= Karol Szwedowski =

Karol Szwedowski (1878–1941) was a Polish master builder who worked at Westerplatte and defended it when Poland was invaded by Germany in 1939.

==Early life and career==
Karol Szwedowski was born on October 4, 1878, in Chrząstowo (now part of Koniecpol), the son of Jozefa and Jacenty Szwedowski. On December 13, 1927, at the age of 38, he received his master builder diploma and was accepted to the Craftsmen's Guild of the city of Pułtusk. On April 4, 1934, he arrived in Gdańsk from Legionowo. He was hired as a seasonal contract worker by the Military Transit Depot of Westerplatte, where he worked until 1939.

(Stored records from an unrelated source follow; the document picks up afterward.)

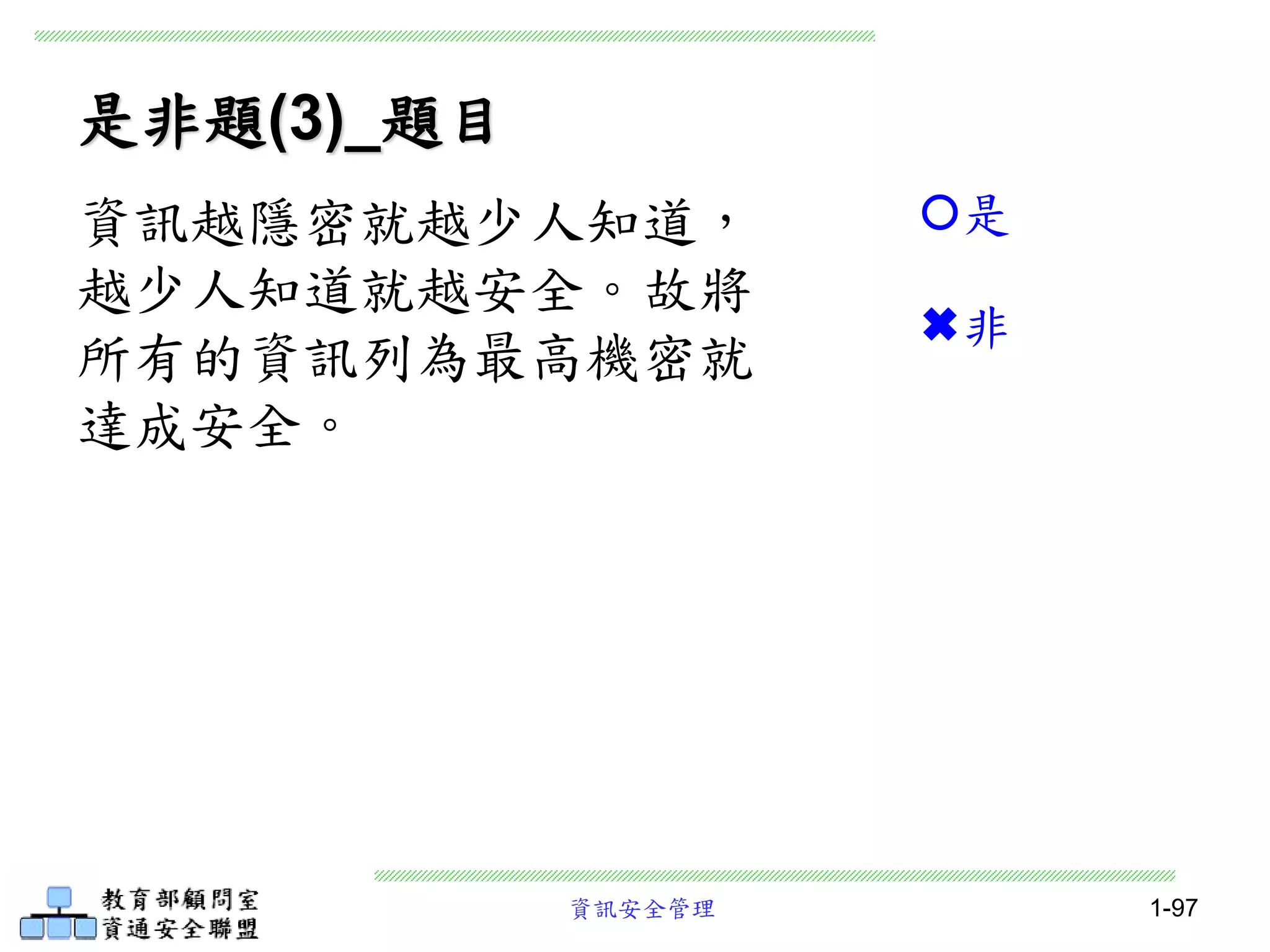 資訊安全管理 1-97
是非題(3)_題目
資訊越隱密就越少人知道，
越少人知道就越安全。故將
所有的資訊列為最高機密就
達成安全。
是
非
 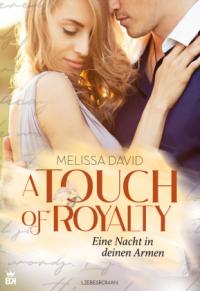 A Touch of Royalty - Eine Nacht in deinen Armen - 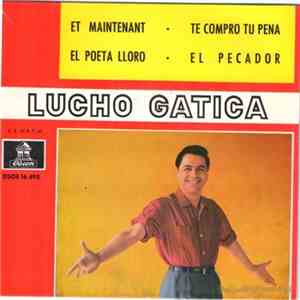 Lucho Gatica - Et Maintenant / El Poeta Lloró / Te Compro Tu Pena / El Pecador album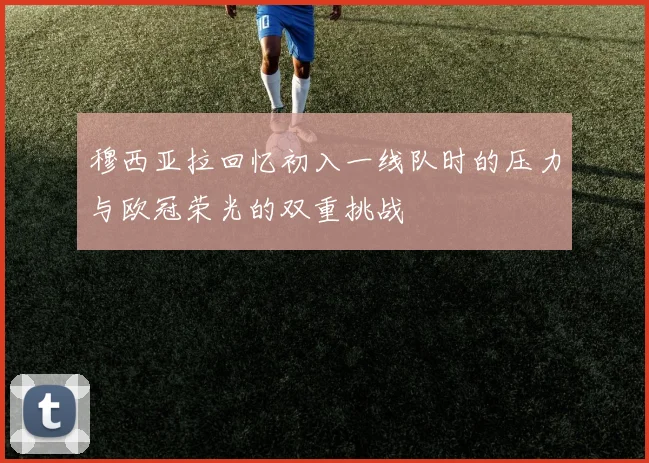 穆西亚拉回忆初入一线队时的压力与欧冠荣光的双重挑战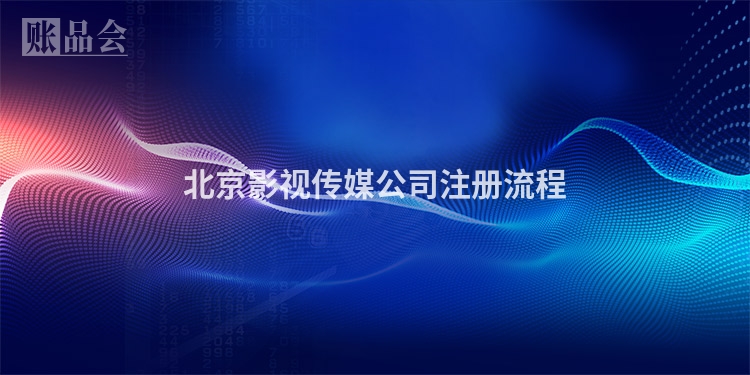 北京影视传媒公司注册流程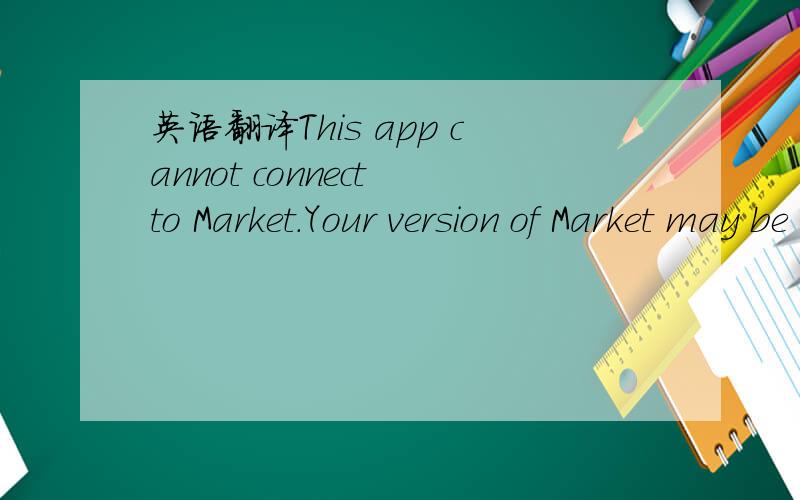英语翻译This app cannot connect to Market.Your version of Market may be out of date.You can continue to use this app but you wonnot be able to make purchases.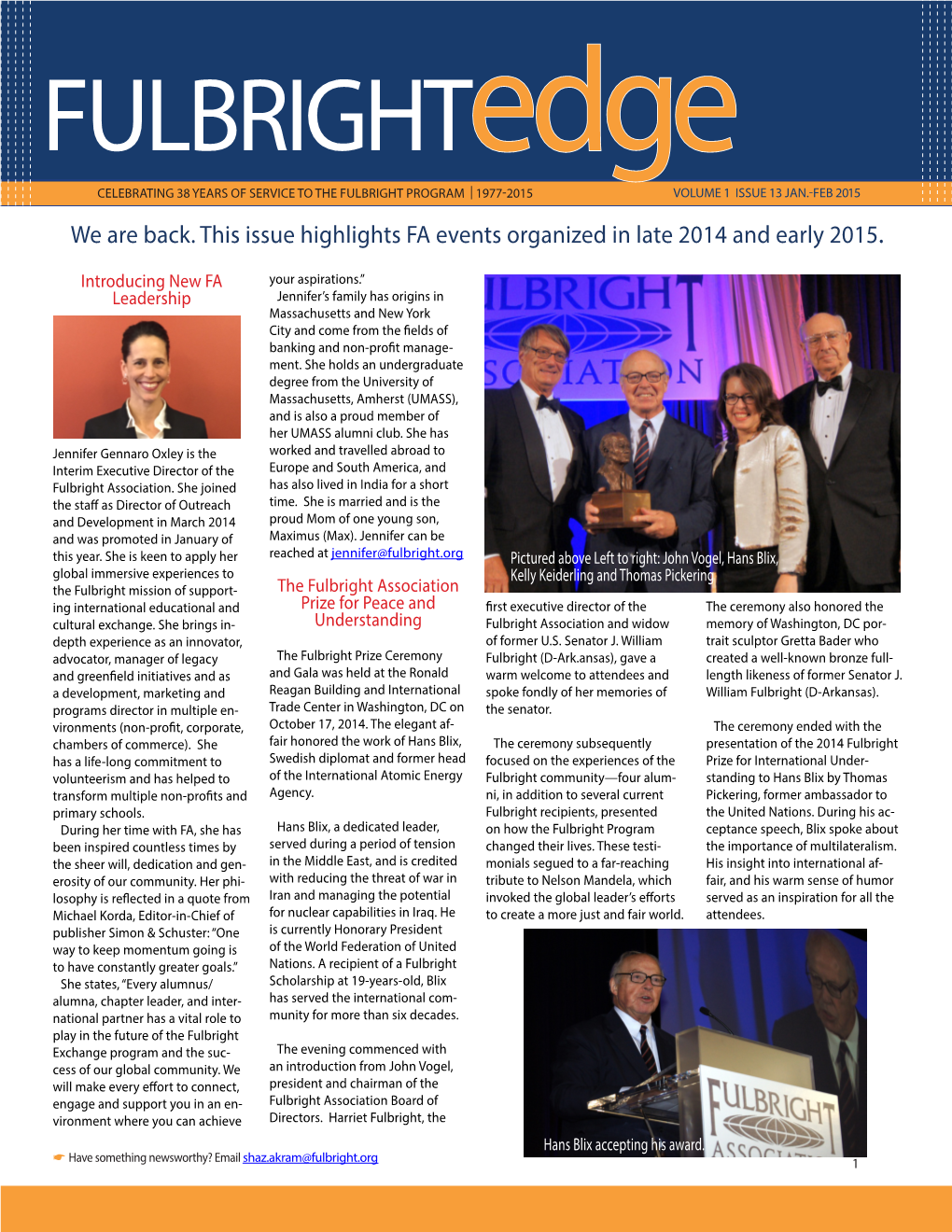 Fulbrightedge CELEBRATING 38 YEARS of SERVICE to the FULBRIGHT PROGRAM | 1977-2015 VOLUME 1 ISSUE 13 JAN.-FEB 2015 We Are Back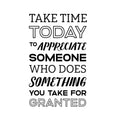 Vinyl Wall Art Decal - Take Time Today To Appreciate Someone - 22. Positive Modern Bedroom Apartment Decor - Motivational Indoor Outdoor Home Living Room Office Life Quotes 1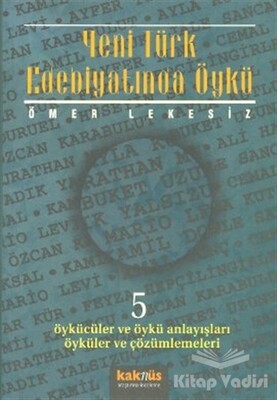 Yeni Türk Edebiyatında Öykü - 5 - Kaknüs Yayınları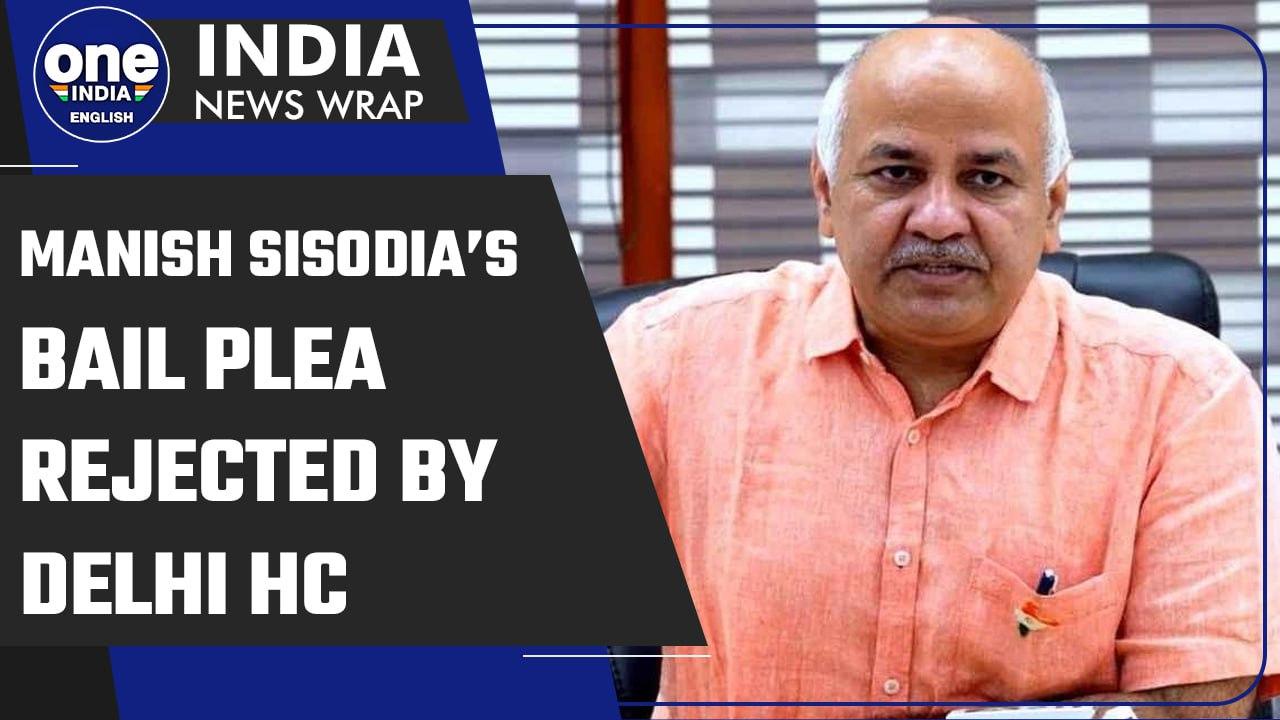 AAP leader Manish Sisodia’s bail in CBI case rejected by Delhi High Court | Oneindia News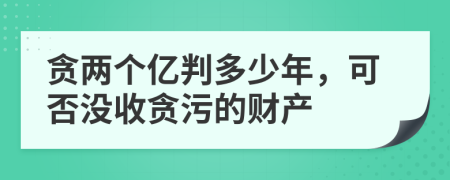 貪兩個億判多少年，可否沒收貪污的財產(chǎn)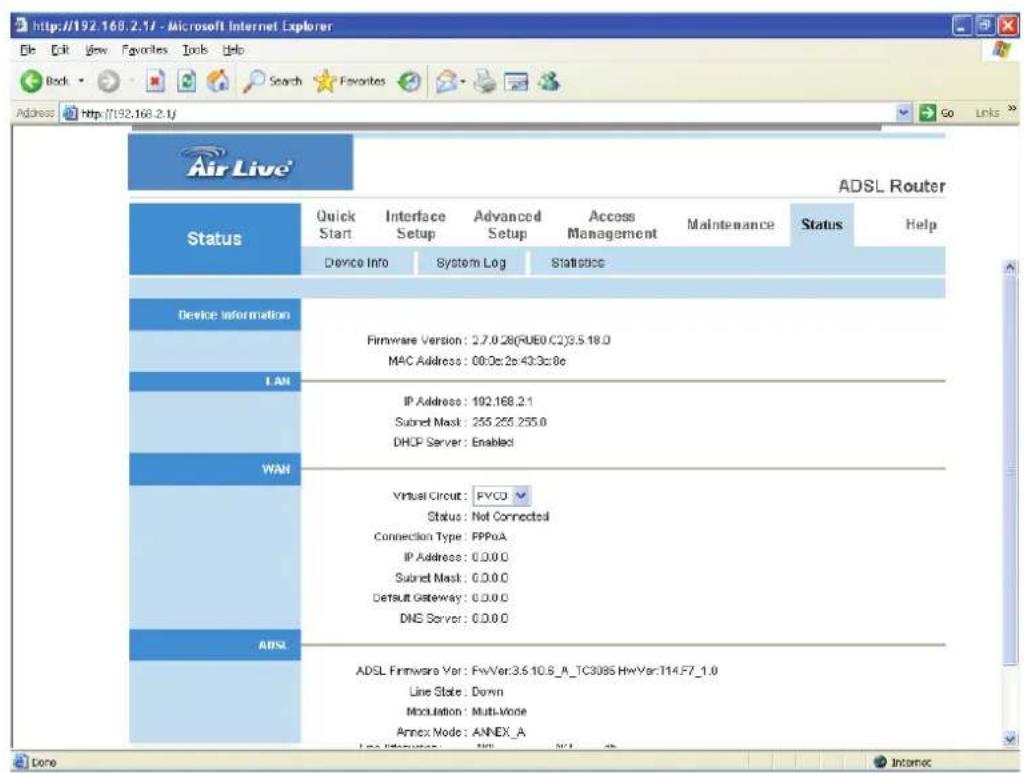 http://192.168.2.17 - Microsoft Internet Explorer File Edit View Favorites Tools Help Back Search Favorites Go Links Address http://192.168.2.1/ Air Live® ADSL Router Status Quick Start Interface Setup Advanced Setup Access Management Maintenance Status Help Device Info System Log Statistics Device Information Firmware Version: 2.7.0.28(RUEO.C2)S.S.18.0 MAC Address: 00:0s 2p 43:3c 0e IP Address: 192.168.2.1 Submit Mask: 255.255.255.0 DHCP Server: Enabled WAN Virtual Circuit: PVCD Status: Not Connected Connection Type: PPPoA IP Address: 0.0.0.0 Submit Mask: 0.0.0.0 Default Gateway: 0.0.0.0 DNS Server: 0.0.0.0 ADSL Firmware Ver: FwVer:3.510.8_A_TC3085 HwVar:T14.F7_1.0 Line State: Down Modulation: Multi-Mode Annex Mode: ANNEX_A Done Internet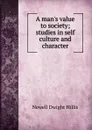 A man.s value to society; studies in self culture and character - Newell Dwight Hillis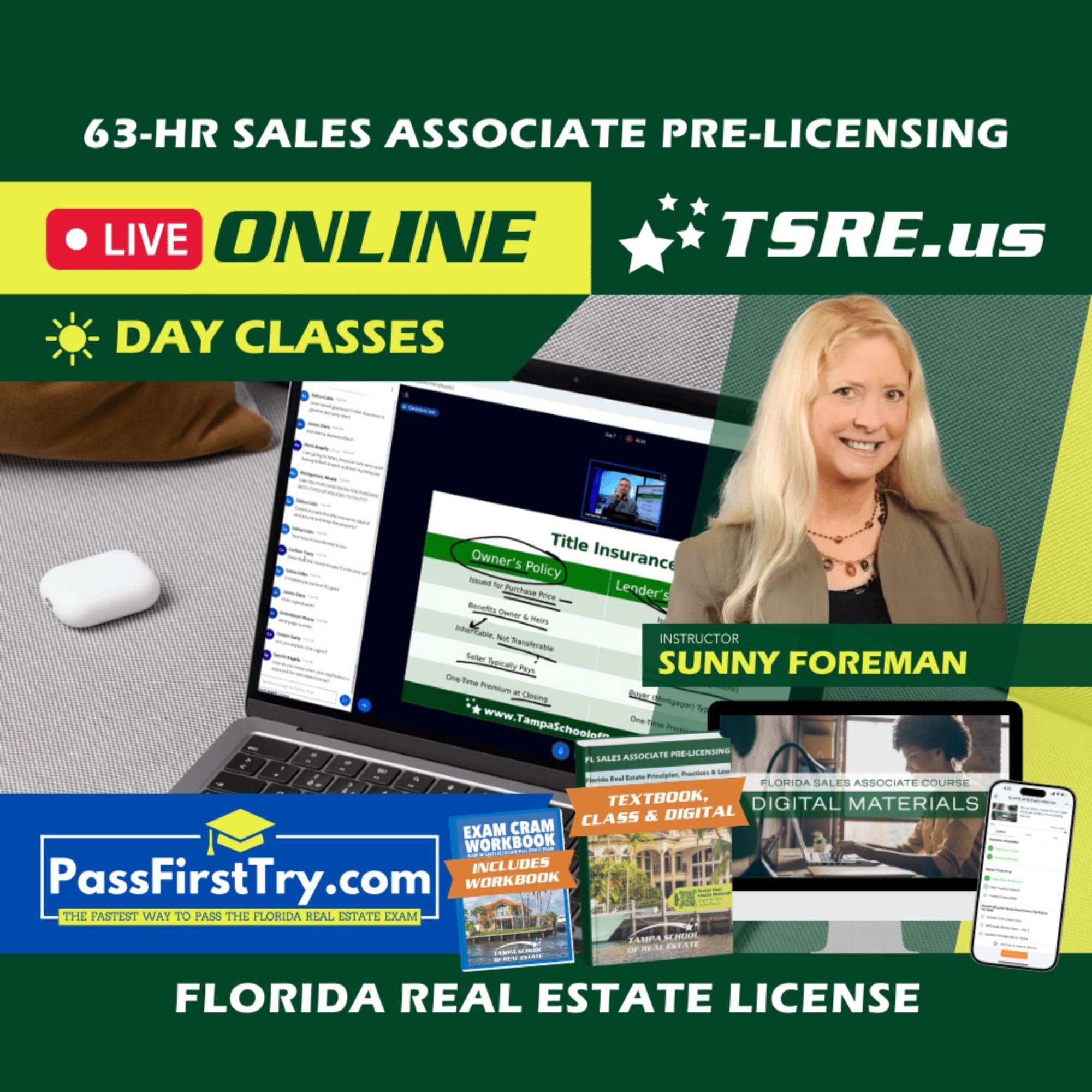 LIVE Online | Jan 19 9:00am | 63-HR FL Real Estate Classes SLPRE TSRE LIVE Online | Tampa School of Real Estate + PassFirstTry.com Study Tools 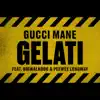 Gelati (feat. BigWalkDog & Peewee Longway) - Single album lyrics, reviews, download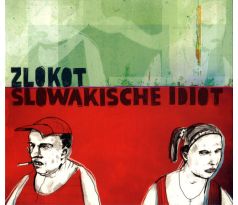 Zlokot - Slowakishe Idiot (CD) audio CD album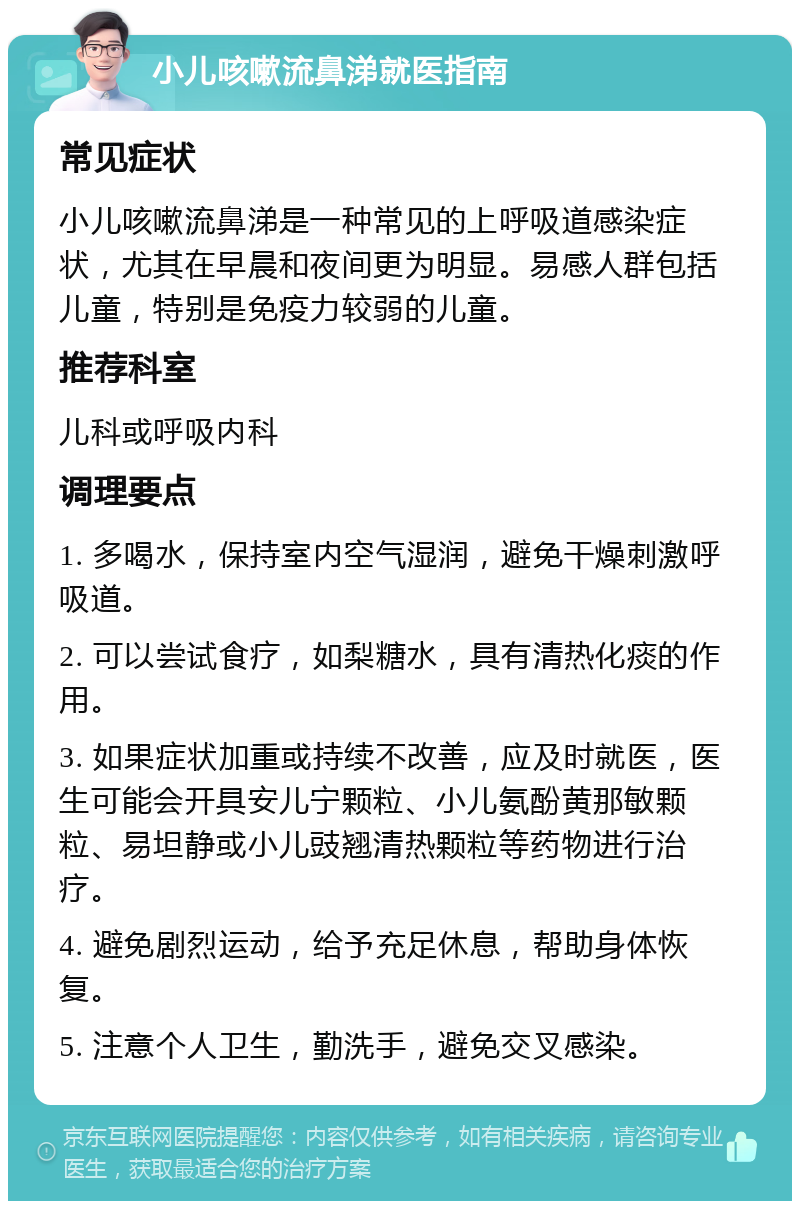 小儿咳嗽流鼻涕就医指南 常见症状 小儿咳嗽流鼻涕是一种常见的上呼吸道感染症状，尤其在早晨和夜间更为明显。易感人群包括儿童，特别是免疫力较弱的儿童。 推荐科室 儿科或呼吸内科 调理要点 1. 多喝水，保持室内空气湿润，避免干燥刺激呼吸道。 2. 可以尝试食疗，如梨糖水，具有清热化痰的作用。 3. 如果症状加重或持续不改善，应及时就医，医生可能会开具安儿宁颗粒、小儿氨酚黄那敏颗粒、易坦静或小儿豉翘清热颗粒等药物进行治疗。 4. 避免剧烈运动，给予充足休息，帮助身体恢复。 5. 注意个人卫生，勤洗手，避免交叉感染。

==Battle of Westerplatte==
During the Battle of Westerplatte on September 1–7, 1939, Szwedowski was called on as a civilian defender and assisted wounded soldiers. After the battle, Szwedowski was arrested by the Germans and imprisoned in Stutthof concentration camp, and later at Buchenwald.

==Death==
He died after his release at home in Legionowo on August 30, 1941, (Note: based on the record books of the General Governorship in Legionowo (document number 105 of the year 1941). The death certificate states that Karol Szwedowski, son of Jacenty (father) and Jozefa (mother), died in Legionowo at on August 30, 1941, at the age of 52.) shortly after the deaths of his two sons, Ryszard in the Palmiry massacre in 1940 and Karol in Auschwitz in 1941.

==Media==
Szwedowski is mentioned in the book Westerplatte published by Wydawnictwo Ministerstwa Obrony Narodowej (the Publishing House of the Ministry of National Defense) in Warsaw in 1978. He was portrayed by Bolesław Płotnicki in the 1967 feature film Westerplatte directed by Stanisław Rozewicz, and in the 2013 Polish film Tajemnica Westerplatte ("The Secret of Westerplatte"), he was played by Romuald Kłos.